April 2007
Earth Day 2007 is April 22--UC efforts address climate change
Pump and filter system for buried drip lines. (photo by Tom Lanini)
The theme of Earth Day 2007 is "A call for action on climate change." Many scientists agree that the earth's temperature is on an upward trend and that it is due to human activities that release greenhouse gases into the earth's upper atmosphere. The most significant opportunities to curtail global warming lie in the hands of governments who set policies related to natural energy sources and construction of power plants. But there are things everybody can do. Manufacturing consumer products, producing agricultural crops, transporting people or goods, and cooling or heating homes and buildings are all associated with the release of greenhouse gases--however small or distant. Making informed changes in consumption offer opportunities to help stabilize the earth's climate. Here are some efforts being taken by the University of California Division of Agriculture and Natural Resources:
Drip irrigation reduces greenhouse gas
Subsurface drip irrigation has the potential to reduce greenhouse gas emissions, according to research at the UC Davis Center for Integrated Farming Systems sustainable farming project. California is the second largest emitter of greenhouse gases in the United States, of which an estimated 8 percent of carbon dioxide and 59 percent of nitrous oxide emissions are from agricultural activities. A two-year CIFS sustainable farming study suggests that the conversion from furrow irrigation to subsurface drip irrigation has the potential to reduce emissions, according to project coordinator Will Horwath and graduate student researcher Cynthia Kallenbach. Furrow irrigation, which is the most common irrigation practice in California row crop systems, wets the entire soil profile to near saturation. Subsurface drip irrigation limits the water delivery to a small area, which reduces the activity of soil microorganisms and processes related to trace gas emissions. "The adoption of subsurface drip irrigation is increasing in the Central Valley, but still is less than 15 percent of all irrigation despite the demonstrated benefits of water savings and reduction in greenhouse emissions," said Horwath. "We hope that our fall 2007 results on the economics of drip irrigation will help growers evaluate the benefits of alternative irrigation systems." For more information, contact Horwath at (530) 754-6029, ; or Kallenbach at (530) 758-3217, . Tip by Lyra Halprin, (530) 752-8664, .Eat locally to reduce ecological "footprint"?

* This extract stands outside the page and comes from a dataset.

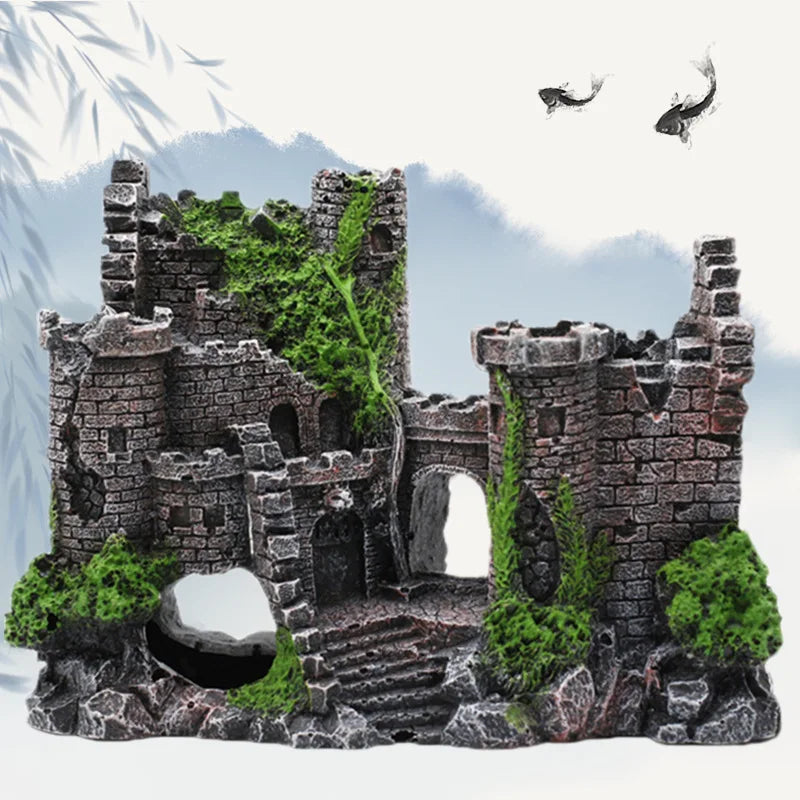 Large Fish Tank Decorations Ancient Castle Aquarium Ornament Cave House Cave Bridge Fish Tank Decoration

What's in season, helps the local economy, and may reduce greenhouse-gas emissions? Foods with a low-carbon or reduced ecological "footprint," according to Gail Feenstra, food systems analyst for the Davis-based statewide University of California Sustainable Agriculture Research and Education Program. "Carbon footprints" are calculated by assessing the energy and carbon emissions of the life cycle of food--the cost of growing, harvesting, processing and transporting food products. SAREP is collaborating with the UC Davis Energy Efficiency Center, UCD's Department of Agricultural and Resource Economics, and the Bon Appetit Management Co. to make those assessments. "Once we figure out how to calculate the energy cost of specific foods in a reliable way, we can label them with their carbon footprint," said Feenstra. "This will contribute to a 'farm to fork' analysis of foods purchased by institutional food buyers and chefs," said Feenstra. "We hope this research can be used by food service managers in making decisions about how to improve their ecological footprints." For more information, contact Feenstra at (530) 752-8408, . Tip by Lyra Halprin, (530) 752-8664, .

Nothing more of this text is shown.